If you are an STM publisher reading this, then it may already be too late for you to act decisively enough to put yourself in the vanguard of change. For I am not the first to say what I am about to say, and there is now a good literature based around the idea that the network is a world of small beginnings, followed by mass change at unprecedented rates that catch whole industries unawares. We are coming to one of those points, and my growing realization was triggered into certainty by being sent a link to a Harvard Business Review article from November 2010 (thank you, Alexander van Boetzelaar for making sure I saw this).  Since HBR as an old world publisher makes a business of paid-for reprints I cannot give the link, but it is reprint R1011B.

The article is called “The Next Scientific Revolution”, by Tony Hey, a director of Microsoft Research and one of the Fourth Paradigm people who made such an impact in 2009. Their arguments, pioneered by the late Jim Gray, saw scientific enquiry gathering force as the experimental methods of early Greece and China were subsumed into the modern theoretical science of the Newtonian age, and then carried forward through computation and simulation into the age of high performance computing in the last century. So now we stand on the verges of a fourth step , the ability to concentrate unprecedented quantities of data and apply to it data mining and analytics, that, unlike the rule-based enquiries of the previous period, are able to throw out unsuspected relationships and connections that in turn are the source of further enquiry.

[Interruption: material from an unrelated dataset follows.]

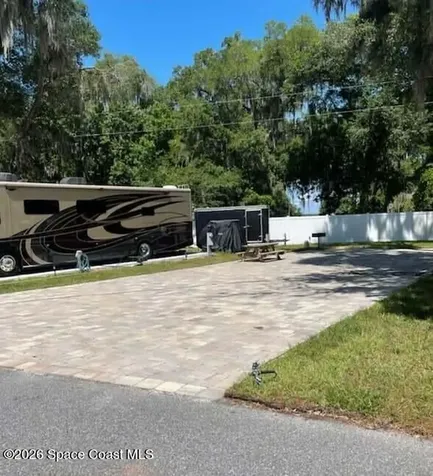 25075 NE 143rd Place Fort Mccoy FL 32134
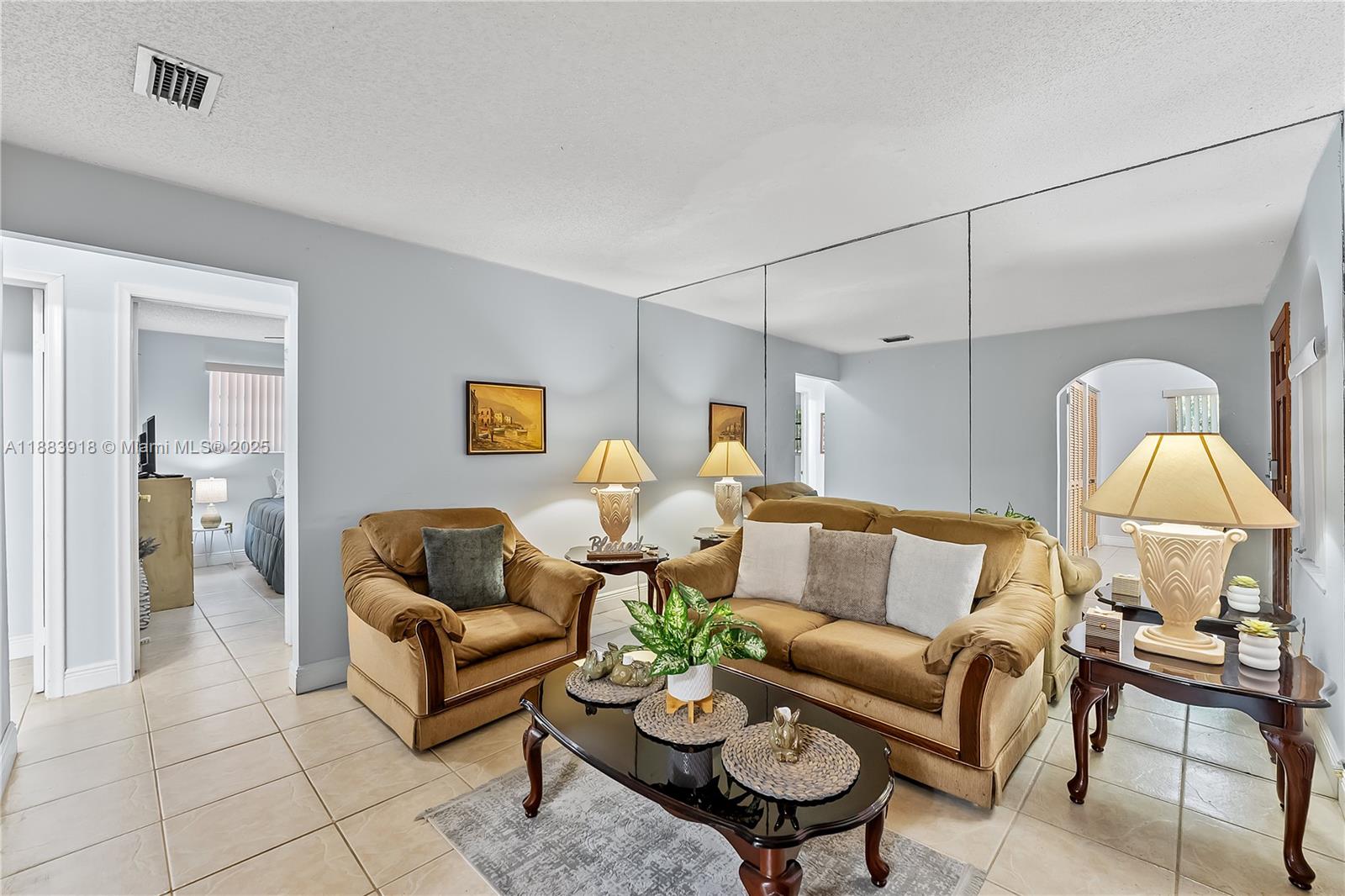 SOUTH SHENANDOAH - Residential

All of this reminds me of Timo Hannay of Nature and his work with the Signalling Gateway consortium of cell science researchers based in San Diego. I am not sure how successful that was for all parties involved, and to an extent it does not matter (especially given the lead time in experience given to Nature by this work). To me this was a signal of something else: on the network the user will decide and make the revolutionary progress, and we “publishers” will have to be ready in an instant to follow, developing the service envelope in which users will be able to do what they need to do. At the moment we are all sitting around in STM talking about overpublishing, the impossibility of bench science absorbing the soaring output of research articles, or libraries to keep up on restricted budgets, when the real underlying problem we are not seeing is the fact that the evidence behind those articles is “unpublished” and unconcentrated, and that as the advanced data mining and analytics tools become increasingly available they have insufficient scale targets in terms of collected data.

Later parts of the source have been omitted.